| |
|
Reference documents

| Quality control of bottle data (IML) |
GENERAL INFORMATION |
|
The information presented in this document is based on the expertise developed by IML's data management section, whose members have been compiling and examining discrete data over the past several years. We drew largely on those procedures used by NOAA's National Oceanographic Data Center during the production of the World Ocean Database (Conkright et al. 2002) as well as many of the tests proposed in the GTSPP Real-Time Quality Control Manual ("Global Temperature-Salinity Pilot Project"; Unesco 1990).
The quality control of bottle data includes the validation of temperature, salinity, chlorophyll, dissolved oxygen, nitrate, nitrite, phosphate, and silicate measurements from a sample of seawater. The quality control procedure is composed of a set of tests performed in the MatLab environment.
Like the quality control procedures for CTD data, bottle data quality control is divided into five steps:
-
Step 1: Tests validating the important metadata such as the time and position.
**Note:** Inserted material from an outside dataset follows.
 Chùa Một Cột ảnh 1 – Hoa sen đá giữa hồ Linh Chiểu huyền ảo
Step 2: Tests comparing data values within a profile.
Step 3: Comparison of the profile to a climatology.
Step 4: Comparison of all profiles from the same mission.
Step 5: Visual inspection of the cruise track and of the data themselves.
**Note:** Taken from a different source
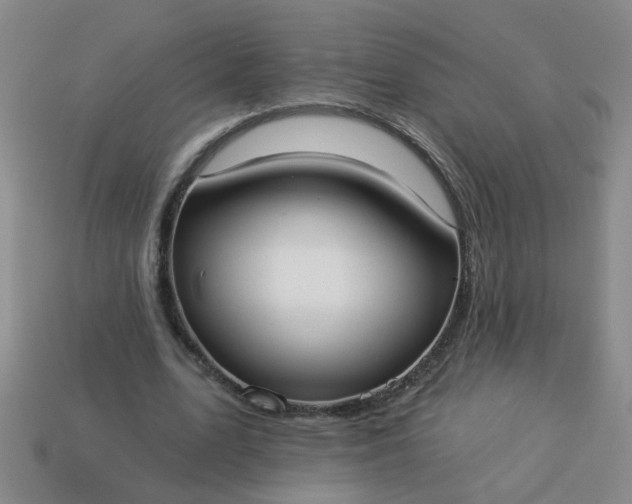 X0000114130583200910221506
All metadata can be modified, in particular the time-space coordinates, without making the profile unusable.
No data are modified by the quality control procedure. A quality flag is added (see next section) to flag the data as good, doubtful, erroneous, or missing only for the step 2 tests. If the data must be modified for some reason, these modifications are made outside the quality control procedure and the quality flags must be manually adjusted in consequence.
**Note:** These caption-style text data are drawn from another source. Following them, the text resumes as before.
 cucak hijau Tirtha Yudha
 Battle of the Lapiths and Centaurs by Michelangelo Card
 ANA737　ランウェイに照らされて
Conkright, M.E., J.I. Antonov, O. Baranova, T.P. Boyer, H.E. Garcia, R. Gelfeld, D. Johnson, R.A. Locarnini, P.P. Murphy, T.D. O'Brien, I. Smolyar, and C. Stephens. 2002a. World Ocean Database 2001, Volume 1: Introduction. Edited by S. Levitus. NOAA Atlas NESDIS 42, U.S. Government Printing Office, Washington., D.C., 167 pp.
Unesco. 1990. GTSPP real-time quality control manual. Intergovernmental Oceanographic Commission, Manuals and Guides no. 22. |
 |
DESCRIPTION OF THE INDIVIDUAL QUALITY FLAGS |
The tests performed during step 2 add quality flags to the temperature, salinity, chlorophyll, dissolved oxygen, nitrate, nitrite, phosphate, and silicate data. The quality flag is a whole number between 0 and 9. The meanings of the quality flags are given in the following table:
| Flag |
Meaning |
 |
 |
| 0 |
no quality control |
| 1 |
value seems correct |
| 2 |
value appears inconsistent with other values |
| 3 |
value seems doubtful |
| 4 |
value seems erroneous |
| 5 |
value was modified |
| 6 |
reserved for future use |
| 7 |
possible problem with data point-further investigation required (IML temporary flag) |
| 8 |
QC was performed by data producer |
| 9 |
value missing |
The quality flags of higher value (except 7) take precedence over those with lower value; e.g., a QC flag of 0 has a lower priority than a flag of 9. As such, if a test judged a data value as doubtful (flag 3) and the following test judged it as erroneous (flag 4), the quality flag 4 would be retained. The QC flag of 7 is an exception since it is temporary.
|
 |
GLOBAL QCFF FLAG |
The QCFF ("Quality control failed flag") flag allows one to determine which test(s) the quality flag results from. It applies to the step 2 quality control tests as well as the text 3.6. Each test in this step is associated with a number 2x, where x is a whole positive number. Before running the quality control, a QCFF value of 0 is attributed to each line of data. When a test fails, the value of 2x that is associated with that test is added to the QCFF. In this way one can easily identify which tests failed by analyzing the QCFF value. If the QC flag of a record is modified by hand, a value of 1 is added to the QCFF.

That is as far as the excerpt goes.